Book Discussion: Information Theory

We will discuss the exquisite introduction to information theory given by the book An Introduction to Information Theory: Symbols, Signals and Noise by John R. Pierce. The book features a detailed description of the nuts and bolts of the mathematics of information. There is also an exquisite and thorough discussion of entropy. The book has chapters discussing the role of the subject in physics, cybernetics, psychology, and even art and music.

A few of the chapters are a bit challenging, but overall the book is an easy read. Excluding the index, the book is just under 300 pages, so it will take some time to read in its entirety. Our discussion will focus on the first nine chapters.

The first edition (1961) of "An Introduction to Information Theory" is in the public domain and can be read in many formats for free. I have read Dover's second edition of Pierce's book on Information Theory (1980).

Possible Topics for Discussion:

• The nature of scientific theories

• The nature of mathematical models

• The importance of proof in mathematics

• The mathematical model of communication theory

• The nature of encoding information

• Entropy: a measure of the information conveyed from a source to a recipient

• Shannon's fundamental theorem for the noiseless channel (channel capacity)

• Language, meaning, understanding and information theory

• The noisy channel: error detection and correction

• The use of multidimensional space to characterize channel capacity

If there is some aspect of Pierce's book or information theory in general which you would like us to discuss, please post a comment about it below.

Join or login to comment.

  • Martin C.

    I found a book on information theory that I think is pretty good, A Student's Guide to Information Theory http://www.amazon.com/Students-Coding-Information-Theory-Hardcover/dp/B00I2FY2QI/ref=sr_1_1?s=books&ie=UTF8&qid=1404899086&sr=1-1 I am still reading it, but so far I have really enjoyed it. It is less than 200 pages, but it is fairly dense in math, containing proofs along with examples and exercises. I looked ahead in the book and saw that it contains a proof of the Huffman code creating the shortest average code length. The math required is high school level.

    July 9

  • Lynn

    Sorry, too tired for this one.

    1 · June 28

  • CJ F.

    Tomorrow we will discuss Pierce's book on Information Theory. Reading the book is optional. You can read this & the previous comments to prepare a little.

    Chapter 9 explains & sketches the proof of an important theorem about a noisy continuous channel.The formula C = W log(1 + P/N) where C is the channel capacity, W is the bandwidth or the width of a band of frequencies as measured in cycles per second (hertz) "gives the rate at which we can transmit binary digits with negligible error over a continuous channel in which a signal of bandwidth W and power P is mixed with a white Gaussian noise of bandwidth W and power N."

    The quotient P/N can be regarded as the ratio of signal power to noise power.
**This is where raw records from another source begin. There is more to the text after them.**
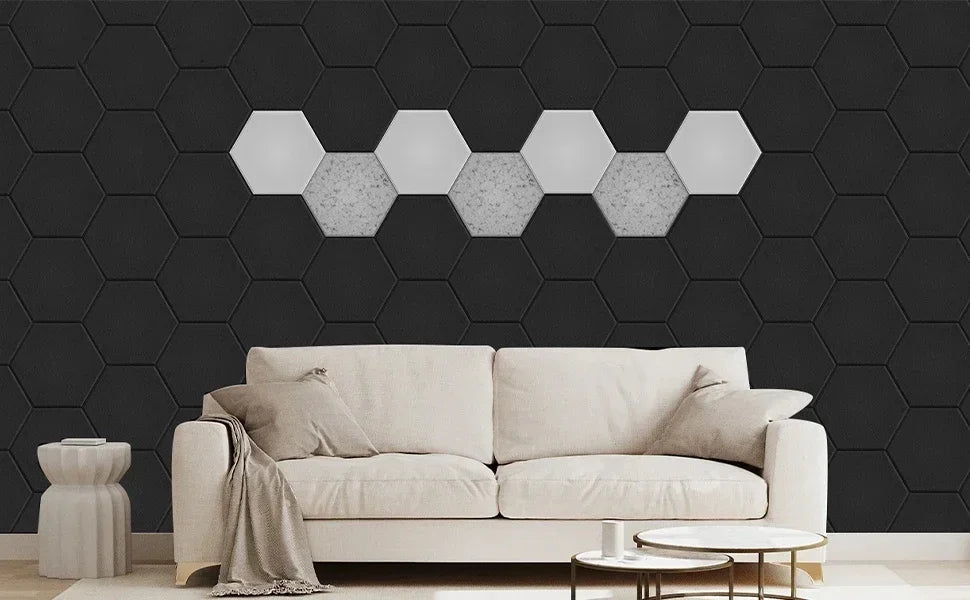 Living room wall with black acoustic hexagons and a row of light hexagons behind a sofa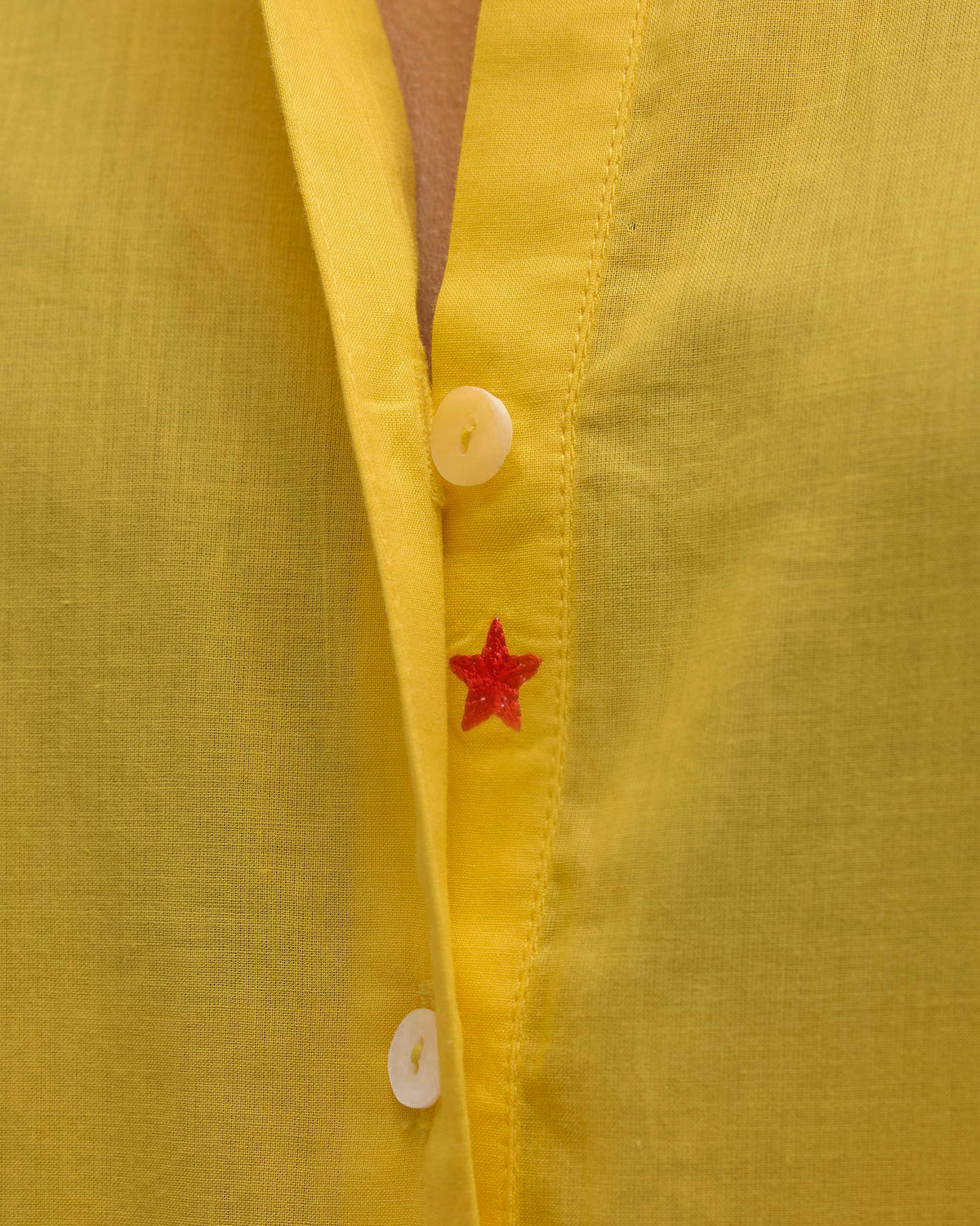 Close-up of the yellow kurta button placket with a small red embroidered star.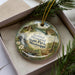 A decorative ornament in a box, featuring a scenic landscape with a waterfall, cabin, and pine trees.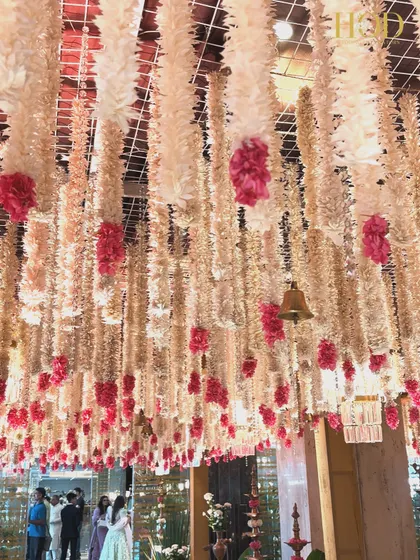 A beautiful shot of the floral canopy ceiling, with hanging bells and crystal chandeliers interspersed among the flowers. This combination of elements adds a touch of tradition and sparkle to the decor.
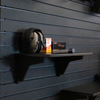 15" black plastic shelf with two support backets mounted on a black tactical slat wall, shelf has muffs, ammunition boxes, and a pistol magazine, shelf is mounted on a Assault Wall tactical slat wall.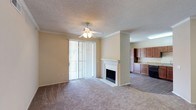 This single-story space showcases an open-concept layout that seamlessly connects the living area and kitchen. The living room is finished with wall-to-wall carpeting and features a white-mantled fireplace as a central focal point, adding warmth and character to the room. A ceiling fan with an integrated light fixture is centered overhead, contributing to both comfort and functionality. Large sliding glass doors fitted with vertical blinds allow natural light to fill the space while providing access to the outdoors. Crown molding accents the upper perimeter of the living area, lending a refined touch to the overall design. The textured ceiling adds visual depth throughout. Transitioning from the living room, the kitchen is finished with hard-surface flooring and features rich, medium-toned wood cabinetry that extends to the upper walls, offering ample storage. The kitchen is equipped with dark appliances and light-toned countertops, creating a practical and functional cooking space. The open sightline between the living room and kitchen enhances the sense of space, making the layout well-suited for everyday living and entertaining.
So we can increase C by increasing W or P. Why does use of more frequencies increase communications performance? With infinite frequencies, can we get infinite capacity for communications? Did you grasp the proof that most of the volume of a high dimensional sphere is near its surface? Wow!

    June 27

  • CJ F.

    Tomorrow we will discuss Pierce's book on Information Theory. If you haven't been able to read the book, instead you can read this comment and some of the preceding ones which discuss highlights & questions about the book.

    In Chapter 8 Pierce explains the astonishing (that's Pierce's word not mine!) result known as Shannon's fundamental theorem for a noisy channel. The theorem states (p. 164) "that when the entropy or information rate of a message source is less than this channel capacity, the messages produced by the source can be so encoded that they can be transmitted over the noisy channel with an error less than any specified amount." Wow: we can transmit messages effectively if only our channel is big enough to accommodate the information content of our messages! Really?
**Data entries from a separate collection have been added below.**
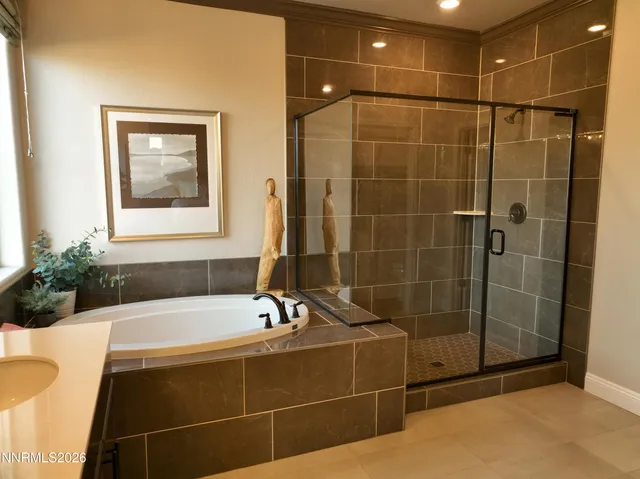 a bathroom with a bathtub and a shower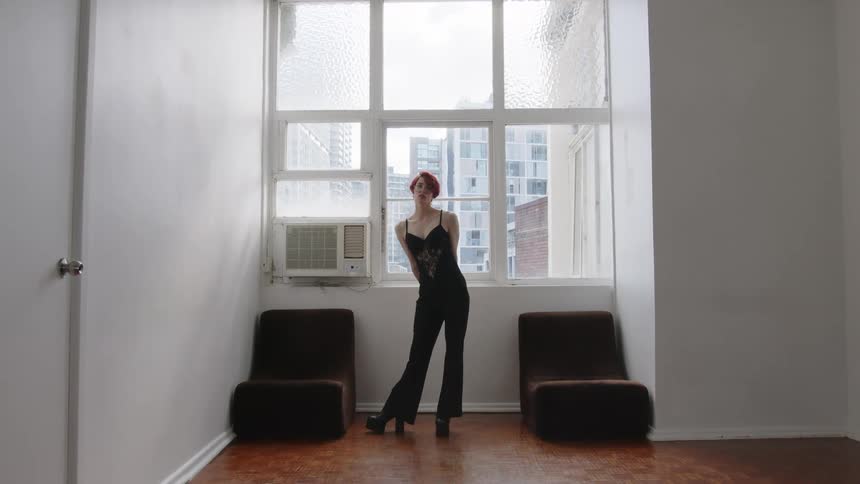 Woman standing in front of a window crosses her arms in an indoor space with buildings in the background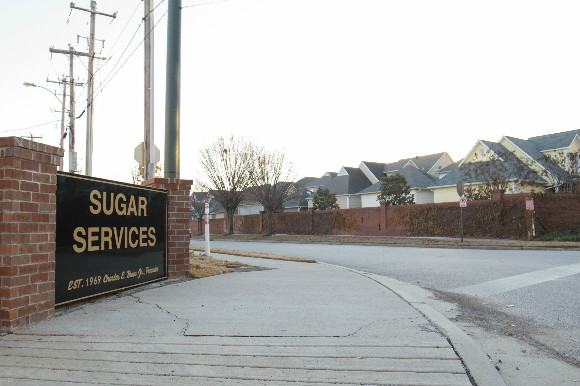 Sugar Services, an active industrial site, faces a dense residential community.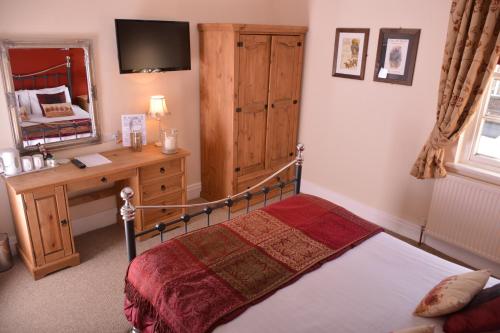 a bedroom with a bed and a desk and a mirror at The Rose & Crown York in York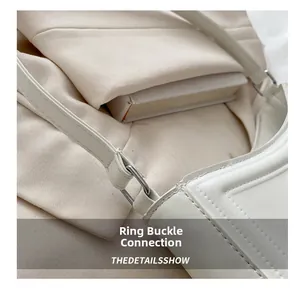 Vue détaillée de la boucle argentée et des coutures fines sur le sac en cuir blanc
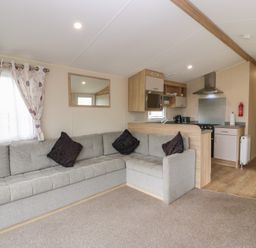 A living room with a sofa and kitchen area at Peaceful in Stranraer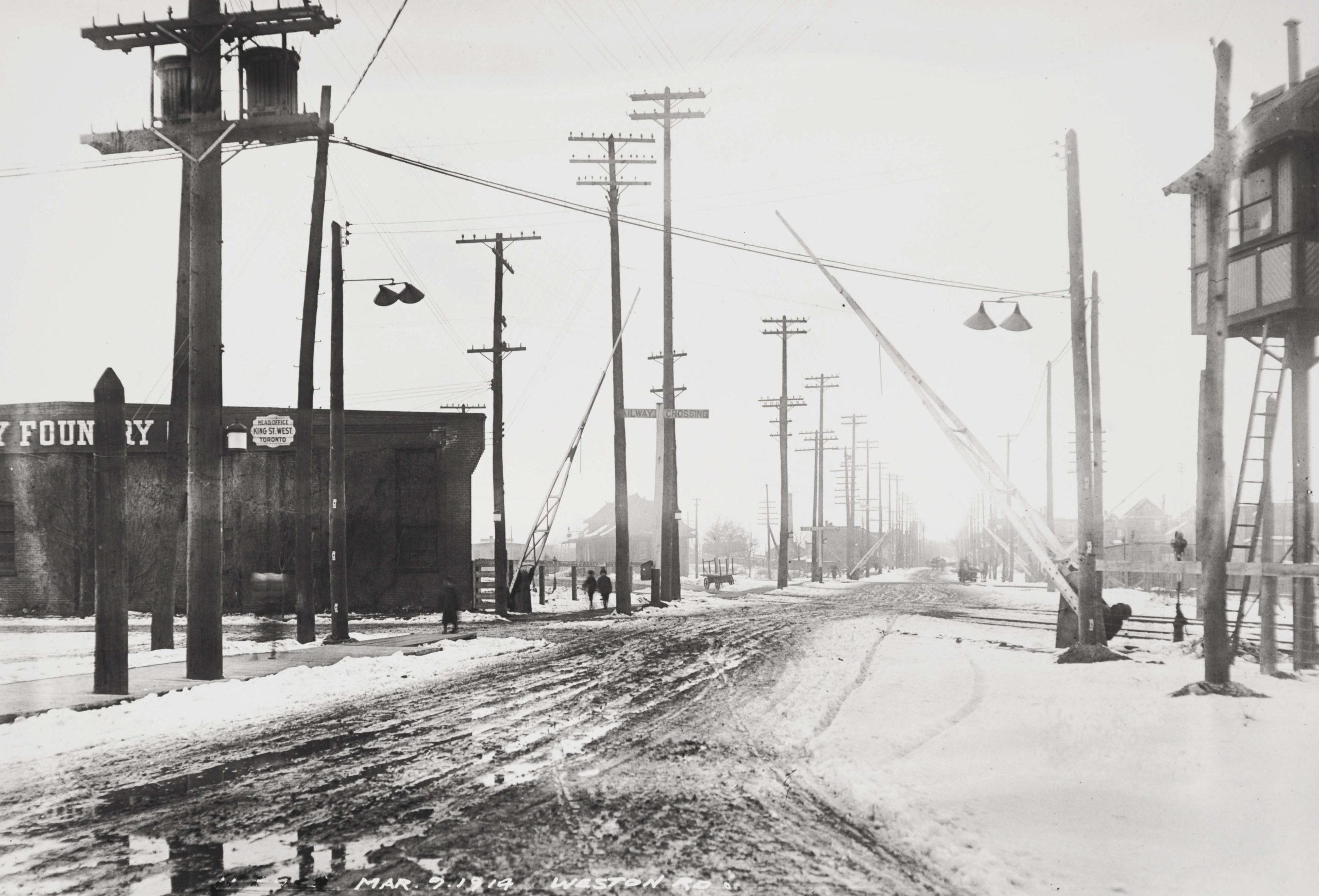 Arthur Goss: Rail Crossing, Weston Road at Junction Road, March 9, 1914A corner of the Gurney Foundry is seen on the left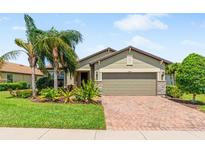 Charming single-story home with well-manicured lawn, lush landscaping, and a brick-paved driveway at 11214 Sandhill Preserve Dr, Sarasota, FL 34238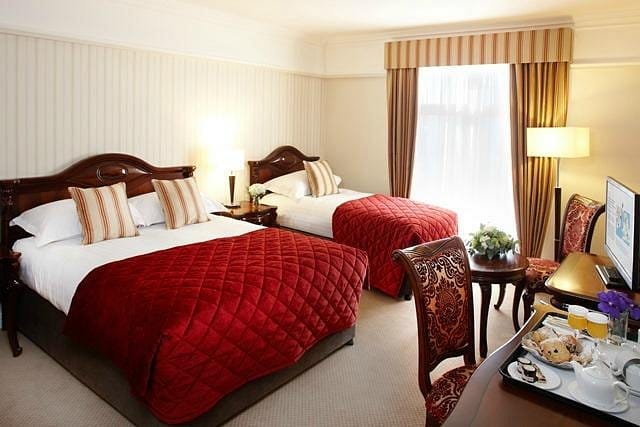 Elegant twin beds in Red Cow Moran Hotel conference room, ideal for events and networking.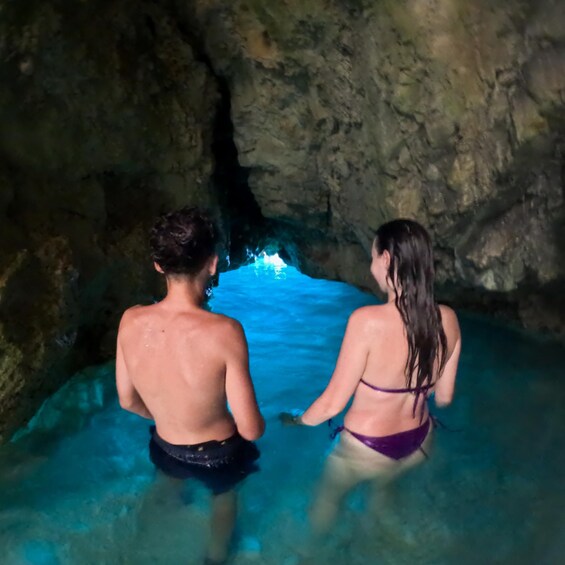 Two people in a cave with a pool of water. 3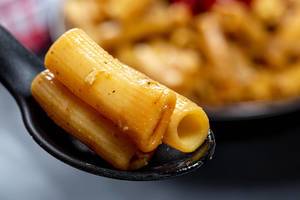 Close-up of pasta in black spoon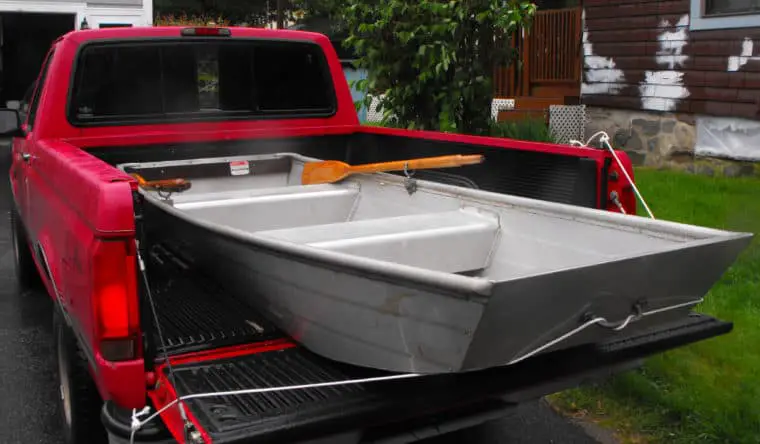 jon boat in the back of a truck how to load legal length etc jon boat planet jon boat in the back of a truck how to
    On p. 157 Pierce sketches the proof of this theorem. Did you follow the proof? Does it make sense? Pierce says "One information theorist has characterized this mode of proof as weird." Is it weird? Is it valid?

    June 27

  • CJ F.

    Since reading Pierce's book on "Information Theory" is not required to attend Saturday's discussion, I'm providing notes so those who can't read it by Sat will have some things to think about.

    Chapter 4 covers coding & bits: essential material that I assume most of us know. Chapter 5 on Entropy gets very interesting. Although other sources motivate the subject by reference to Boltzmann's entropy formula in thermodynamics, Pierce wants us to see the information theoretic notion of entropy afresh using the question of the efficiency of encoding a message as a driving example. In this view entropy is the amount of information or the average number of bits (per symbol or per second) "necessary to encode the messages produced by the source".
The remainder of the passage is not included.